Le manque de visibilité est également un frein. Les démarches de ce type demandent beaucoup d’investissement. Sans certitudes de pouvoir poursuivre sur plusieurs années, certains hésitent à s’engager sans même parler de la stabilité des équipes.
Ce mode de pilotage oblige à choisir et peut donner parfois le sentiment que l’on oppose les matières les unes aux autres.
Enfin, l’institution doit faire évoluer ce qu’on appelle le dialogue de gestion afin qu’il devienne un vrai moment de négociation.
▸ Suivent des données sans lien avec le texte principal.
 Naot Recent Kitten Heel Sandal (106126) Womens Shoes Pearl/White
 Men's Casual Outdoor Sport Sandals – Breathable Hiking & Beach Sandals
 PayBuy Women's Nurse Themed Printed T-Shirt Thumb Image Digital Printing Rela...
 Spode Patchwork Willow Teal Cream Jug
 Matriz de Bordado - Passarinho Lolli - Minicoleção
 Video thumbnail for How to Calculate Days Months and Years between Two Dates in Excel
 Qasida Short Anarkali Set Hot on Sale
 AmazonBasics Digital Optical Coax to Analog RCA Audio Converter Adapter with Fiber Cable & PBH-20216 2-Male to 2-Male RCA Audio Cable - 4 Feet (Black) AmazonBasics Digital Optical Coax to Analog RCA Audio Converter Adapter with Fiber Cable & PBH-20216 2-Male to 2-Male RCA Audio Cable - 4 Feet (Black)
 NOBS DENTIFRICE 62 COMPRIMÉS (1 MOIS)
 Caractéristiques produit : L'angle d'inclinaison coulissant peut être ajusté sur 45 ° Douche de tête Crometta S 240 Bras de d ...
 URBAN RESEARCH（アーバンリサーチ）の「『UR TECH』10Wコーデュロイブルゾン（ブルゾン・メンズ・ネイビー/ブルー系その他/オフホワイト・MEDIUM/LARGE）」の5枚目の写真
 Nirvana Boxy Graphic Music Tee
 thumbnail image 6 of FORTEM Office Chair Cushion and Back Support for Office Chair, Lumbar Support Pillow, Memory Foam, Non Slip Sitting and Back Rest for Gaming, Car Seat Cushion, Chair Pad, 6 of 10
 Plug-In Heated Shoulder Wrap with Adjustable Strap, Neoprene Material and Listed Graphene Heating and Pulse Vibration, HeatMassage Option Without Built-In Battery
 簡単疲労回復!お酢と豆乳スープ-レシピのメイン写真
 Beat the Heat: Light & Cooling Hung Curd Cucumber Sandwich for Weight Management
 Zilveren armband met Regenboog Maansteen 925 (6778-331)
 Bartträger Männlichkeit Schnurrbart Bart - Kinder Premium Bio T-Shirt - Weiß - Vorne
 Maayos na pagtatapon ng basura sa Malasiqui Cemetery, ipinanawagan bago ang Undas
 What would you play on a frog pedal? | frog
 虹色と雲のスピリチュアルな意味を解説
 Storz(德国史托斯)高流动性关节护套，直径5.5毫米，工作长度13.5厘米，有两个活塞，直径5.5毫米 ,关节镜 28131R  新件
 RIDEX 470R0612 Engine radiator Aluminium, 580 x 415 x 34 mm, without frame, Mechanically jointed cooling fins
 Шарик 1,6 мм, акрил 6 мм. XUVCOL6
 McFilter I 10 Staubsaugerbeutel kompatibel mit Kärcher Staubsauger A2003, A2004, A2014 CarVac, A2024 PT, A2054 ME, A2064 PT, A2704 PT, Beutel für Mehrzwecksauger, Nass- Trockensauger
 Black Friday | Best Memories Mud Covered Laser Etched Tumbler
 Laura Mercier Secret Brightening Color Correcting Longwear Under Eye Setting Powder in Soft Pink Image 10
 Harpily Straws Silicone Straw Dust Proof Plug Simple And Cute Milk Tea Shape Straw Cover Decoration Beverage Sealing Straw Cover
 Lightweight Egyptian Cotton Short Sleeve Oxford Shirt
Le dialogue doit permettre de faire évoluer, au-delà de l’autonomie règlementaire, la dotation horaire en fonction des projets à mettre en œuvre pour les besoins identifiés des élèves.
La dotation horaire doit être attribuée en fonction des besoins locaux.
Quels effets de ce pilotage mesures-tu sur la réussite des élèves ?
Il est difficile de mesurer les effets d’une telle démarche. En premier lieu parce que l’établissement que je dirige est marqué par une forte hétérogénéité du public et que ce qui va convenir à certains ne conviendra pas de la même manière aux autres. Ensuite parce que parler de réussite des élèves c’est souvent parler de performance et donc d’indicateurs (réussite au DNB, taux d’orientation vers le lycée). Or, il faut considérer la globalité : à côté des performances des élèves, les effets sur le climat scolaire sont, à mes yeux, presque plus importants.
Les établissements qui sont dans des démarches de projet se portent souvent mieux que les autres.
La réussite des élèves passe par ce préalable, au collège Berthelot comme ailleurs.